Dinenage transferred from Southern to TVS in January 1982, chiefly as a sports presenter and reporter, working on Coast to Coast, Sportshow and The Saturday Match. The following year, he took over from Khalid Aziz as the main anchor for the South edition of Coast to Coast, co-presenting alongside Christopher Peacock, Fern Britton, Debbie Thrower and Mai Davies.

After TVS lost its franchise, Dinenage was retained by Meridian as anchor for the South edition of Meridian Tonight and other non-news regional programmes. His co-anchors included Debbie Thrower, Natasha Kaplinsky, Jane Wyatt and Sangeeta Bhabra.

In October 2021, it was announced that Dinenage would step down from ITV, after 38 years as a news anchor in the south of England. His final edition of ITV News Meridian aired on 16 December 2021.

Other work 
Dinenage spent a brief period in the late 1970s covering regional sport for Yorkshire Television. He also appeared as a relief presenter of the networked ITV Saturday afternoon show, World of Sport - a role which earned him an appearance on the children's Saturday show Tiswas. He also has his own weekly column featured on the magazine of the Southampton local newspaper, Southern Daily Echo.

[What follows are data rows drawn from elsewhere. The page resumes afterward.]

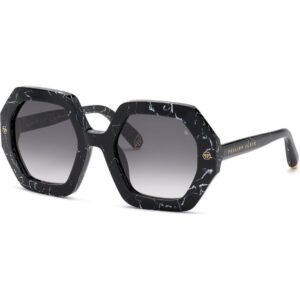 Occhiali da sole  Philipp plein Spp039m plein first lady hong kong cod. colore 0869 Donna Geometrica Nero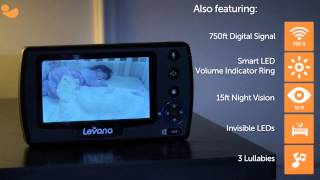 Levana OVIA Digital Baby Video Monitor [upl. by Steep]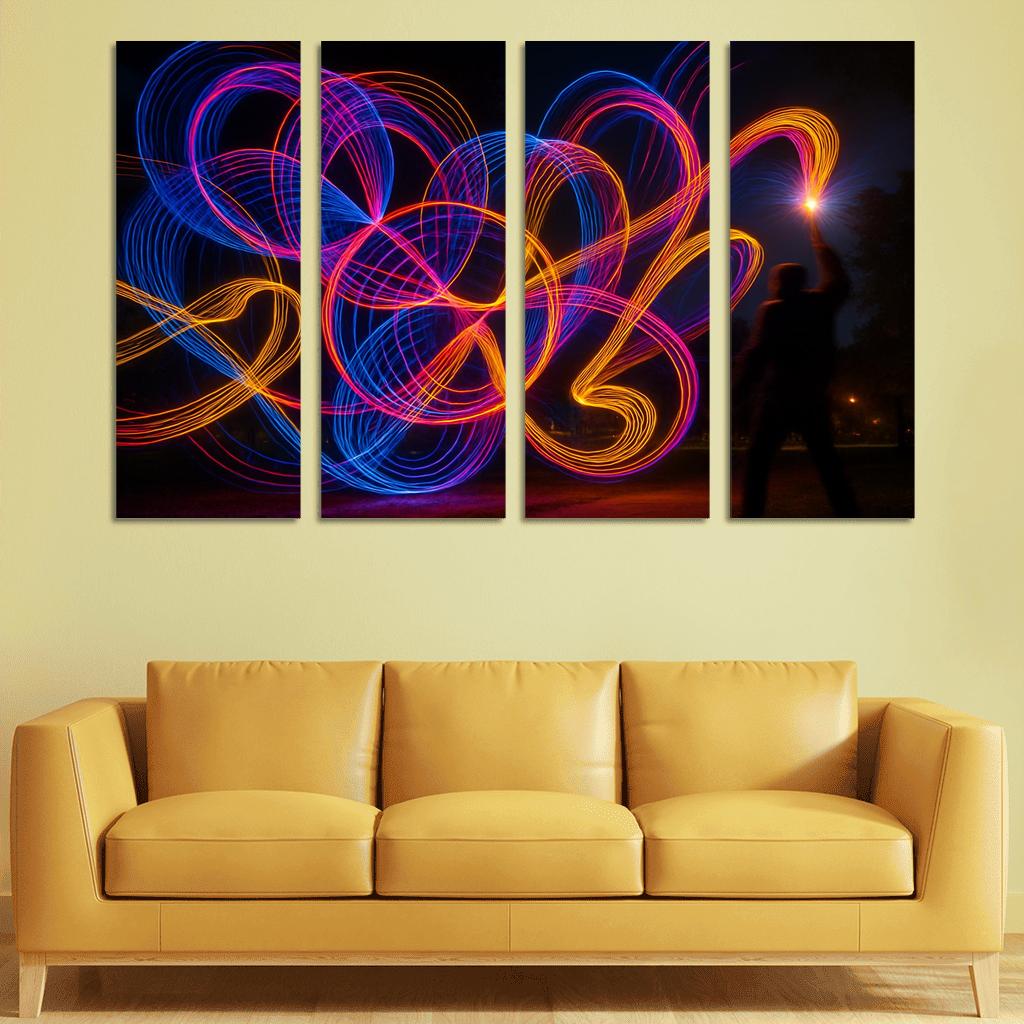 Experimental Light Painting Photography decor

Alongside his television career, Dinenage has written several factual books, including ghosting on autobiographies My Story and Our Story for the Kray twins. He is a keen football follower and was on the board of directors at Portsmouth between 1998 and 2007. He was a team captain on the ITV game show Never Had It So Good, shown in 2002. He also narrated Driver's Eye Views for railway filming company "Video 125".

In February 2014, he celebrated his 50th anniversary as a reporter and presenter with ITV, announcing that he hoped to continue broadcasting into the future. Fred Dinenage: Murder Casebook, a crime documentary series on 20th century murders was first broadcast on the Crime & Investigation Network in 2011. He has also narrated Most Evil Killers for Pick since 2017.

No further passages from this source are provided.